Du 12 au 23 avril 2010, elle a travaillé sans contrat, sans être déclarée, ni payée, la SARL IFPC ne saurait soutenir que cette période était couverte par la convention AFPR qui prévoyait un début de formation à compter du 26 avril, s’agissant d’un organisme de formation professionnelle pour adultes qui ne doit rien ignorer de la législation au regard même du contenu du plan de formation élaboré dans l’intérêt de la salariée dont notamment 28 heures de formation sur la législation de la formation professionnelle, la réforme de 2009, les différents contrats, les dispositifs, les procédures administratives, il y a lieu de constater que la SARL IFPC s’est ainsi intentionnellement soustraite à l’accomplissement de ses obligations, la demande relative au travail dissimulé sera accueillie.

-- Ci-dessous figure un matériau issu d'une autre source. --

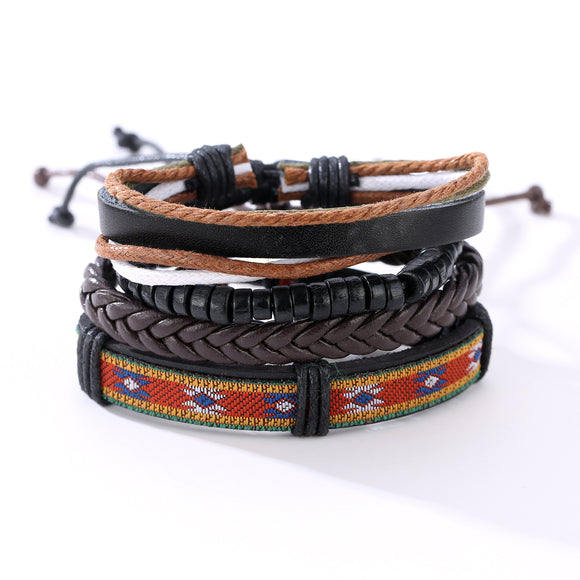 Vintage Adjustable Multilayer Braided Weave Leather Bracelet Wood Beaded Wristhand for Men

Sur l’article 700 du code de procédure civile et les dépens :
Il serait inéquitable de laisser à la charge de Madame C D les frais par elle exposés et non compris dans les dépens, la Cour lui alloue à ce titre la somme de 1.500 €.
La SARL IFPC qui succombe en ses prétentions sera condamnée aux entiers dépens de première instance et d’appel.
PAR CES MOTIFS
La Cour,
Statuant publiquement, par arrêt contradictoire, rendu en matière sociale et en dernier ressort,
Déclare l’appel recevable,
Confirme le jugement sur le rejet des heures supplémentaires,
L’infirme pour le surplus et statuant à nouveau,
Requalifie le contrat de travail à durée déterminée en contrat à durée indéterminée, dit que le licenciement est sans cause réelle et sérieuse et que Madame C D doit être classée niveau C2 coefficient 186,
Condamne la SARL IFPC à payer à Madame C D les sommes de :
624 € à titre de rappel de salaire du 12 au 23 avril 2010,
1.397,20 € à titre de rappel de salaire du 1er juillet au 31 décembre 2010
3.120 € au titre de l’indemnité de préavis,
1.560 € au titre de l’indemnité de requalification,
3.200 € au titre de l’indemnité pour licenciement sans cause réelle et sérieuse,
9.360 € au titre du travail dissimulé,
Déboute les parties de leurs demandes plus amples ou contraires,
Y ajoutant,
Condamne la SARL IFPC à payer à Madame C D la somme de 1.500 € au titre de l’article 700 du code de procédure civile,
Les sommes dues au titre des créances salariales portent intérêts au taux légal à compter de la notification de la saisine du Conseil de Prud’hommes à l’employeur,
Les sommes dues au titre des dommages et intérêts portent intérêts au taux légal à compter de la décision qui les fixe soit à compter de la présente décision,
Condamne la SARL IFPC aux entiers dépens de première instance et d’appel.
Arrêt signé par Monsieur CHELLE, Président, et par Madame HAUGUEL, greffière, à laquelle la minute de la décision a été remise par le magistrat signataire.